I am current using my proposal from above to get a static file, namely:
/web_editor/static/src/xml/ace.xml

Features:

  • does not create a cookie
  • uses stock code (no extra modules to install)
  • the file is really small and overhead of getting it is negligible
  • is very generic and can easily be changed by admins they need something more custom

An implementation: https://github.com/idazco/odoo-docker-ez/blob/master/10/Dockerfile#L115
For professional deployments we use something like Prometheus to check many parts of each deployment. 👍

@thomas15v , regarding The static files do not reflect odoo's status, I do not agree that the Docker health check should encompass the status of Odoo itself. Can we concretely define what "Odoo's status" even means? Does it encompass all unit tests passing with a stock install?
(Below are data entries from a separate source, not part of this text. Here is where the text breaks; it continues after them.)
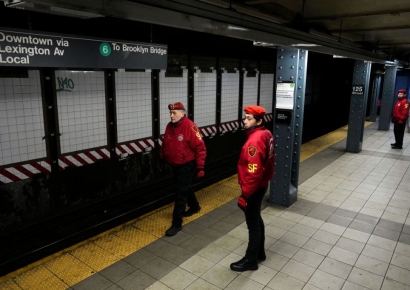 밀치고 빼앗고 불지르고…뉴욕 출·퇴근족 "무서워 지하철 타겠나"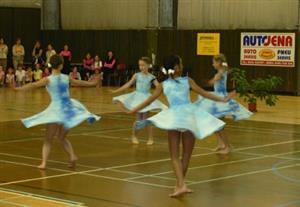 Žačky z prezentační skupiny ASK Kopřivnice pod vedením Stanislavy Dratvové tančily pódiovou skladbu s názvem Zpěvánka na lásku.<br/>                                                          
FOTO: ONDŘEJ ZAPLETAL
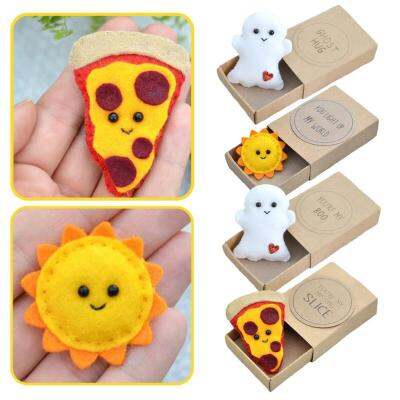 ตุ๊กตามินิฮักรูปทรงผีฮาโลวีนกล่องใส่บัตรของเล่นจับคู่ DUS Pizza ตุ๊กตาขนาดเล็กรูปพิซซ่ากลางแดดน่ารัก DUS Pizza ของเล่นน่ากอดขนาดเล็ก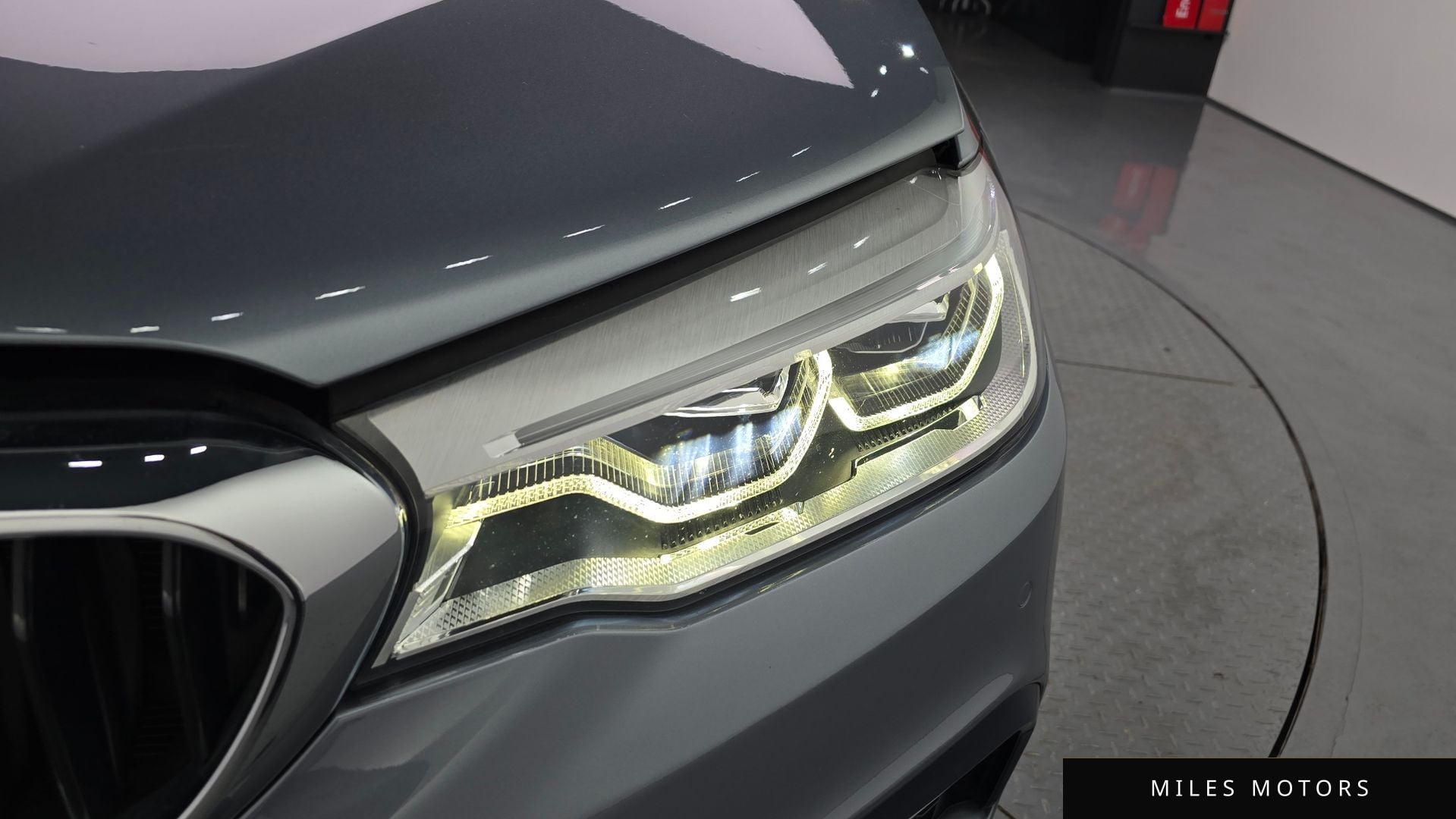 BMW 5 Series (G30) 2017 — миниатюра 8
What we should define first, is what status are we trying to check .. or at least .. what is reasonable to check for a stock deployment:

  • Odoo is alive and can serve data (basic/simple; leaves responsibility of deep checking to other tools)

or

  • My Odoo implementation with all my chosen modules is OK. (impractical since each implementation is unique, and may include unreliable modules)

From the Docker documentation

The HEALTHCHECK instruction tells Docker how to test a container to check that it is still working. This can detect cases such as a web server that is stuck in an infinite loop and unable to handle new connections, even though the server process is still running.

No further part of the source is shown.